A esto se suma la excéntrica adición de la obsesión criptográfica de Trump. Maurice Obstfeld, ex economista jefe del FMI, señala que las criptomonedas constituyen una amenaza sin precedentes para la inflación porque la mayoría de las criptomonedas, aparte de las monedas estables, están desconectadas de la economía real y operan fuera del alcance de las políticas públicas. Por lo tanto, introducen una incertidumbre significativa en las transacciones financieras, convirtiéndolas en una base poco confiable para las decisiones económicas.
A pesar del notable logro de la Reserva Federal al evitar la recesión y al mismo tiempo reducir la inflación a cerca de su objetivo del 2 por ciento, algunas personas en el Capitolio están promoviendo las criptomonedas como una respuesta al fracaso del banco central. Obstfeld señala que el senador republicano Mike Lee, por ejemplo, ha caracterizado el dólar como “inestable” debido a su supuesto papel en permitir el déficit federal. Ha introducido una legislación para prohibir a la Reserva Federal lanzar su propia moneda digital. Si se promulga, dice Obstfeld, la prohibición dejaría más espacio para las criptomonedas no reguladas, lo que potencialmente facilitaría actividades ilícitas. De este modo se reduciría la influencia de la Reserva Federal sobre la economía.
Por otra parte, Cynthia Lummis, senadora estadounidense por Wyoming, ha presentado una factura en julio para crear una “reserva estratégica de bitcoins”, diciendo que fortalecería la situación financiera de Estados Unidos, proporcionando una cobertura contra la incertidumbre económica y la inestabilidad monetaria. La realidad es que la burbuja criptográfica es en gran medida producto de la política monetaria ultralaxa que siguió a la crisis financiera de 2007-2008. Además de ser ultravolátil, tiene un enorme potencial para precipitar la inestabilidad financiera, los rescates y el riesgo de recesión.

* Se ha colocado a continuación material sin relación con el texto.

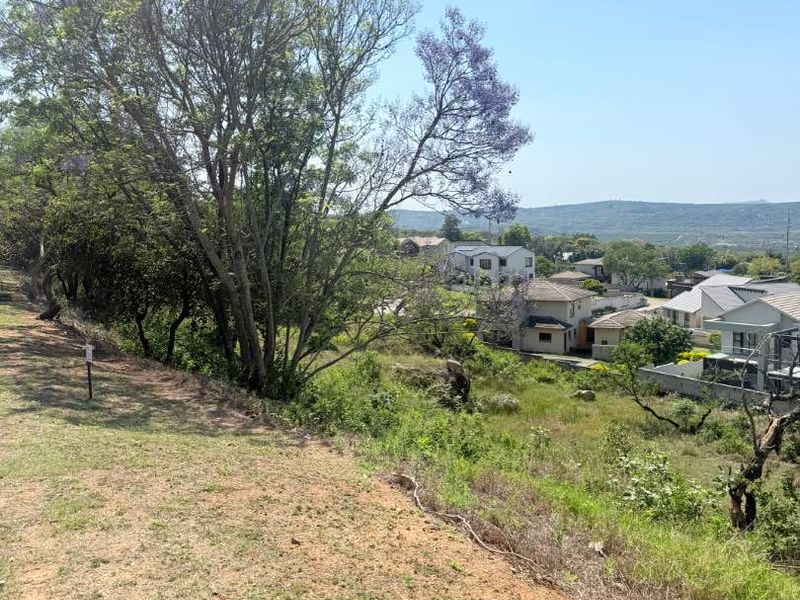 A view overlooking a sloped residential plot with mature trees and natural vegetation, showcasing the surrounding neighborhood and distant landscape.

¿Todo esto, se podría preguntar, apunta a un fiasco como el de Liz Truss y a un día de campo para los vigilantes de los bonos? La respuesta corta es poco probable, porque la moneda de reserva mundial disfruta del llamado privilegio exorbitante. Mientras ningún otro país ofrezca un mercado tan profundo y líquido como los bonos del Tesoro estadounidense, el vigilantismo no tiene gran utilidad. Dicho esto, la combinación de una enorme emisión de deuda pública y la notoria imprevisibilidad trumpiana es una combinación tóxica para los mercados. El mercado del Tesoro se enfrenta a tiempos turbulentos. Prepárense para la inestabilidad financiera.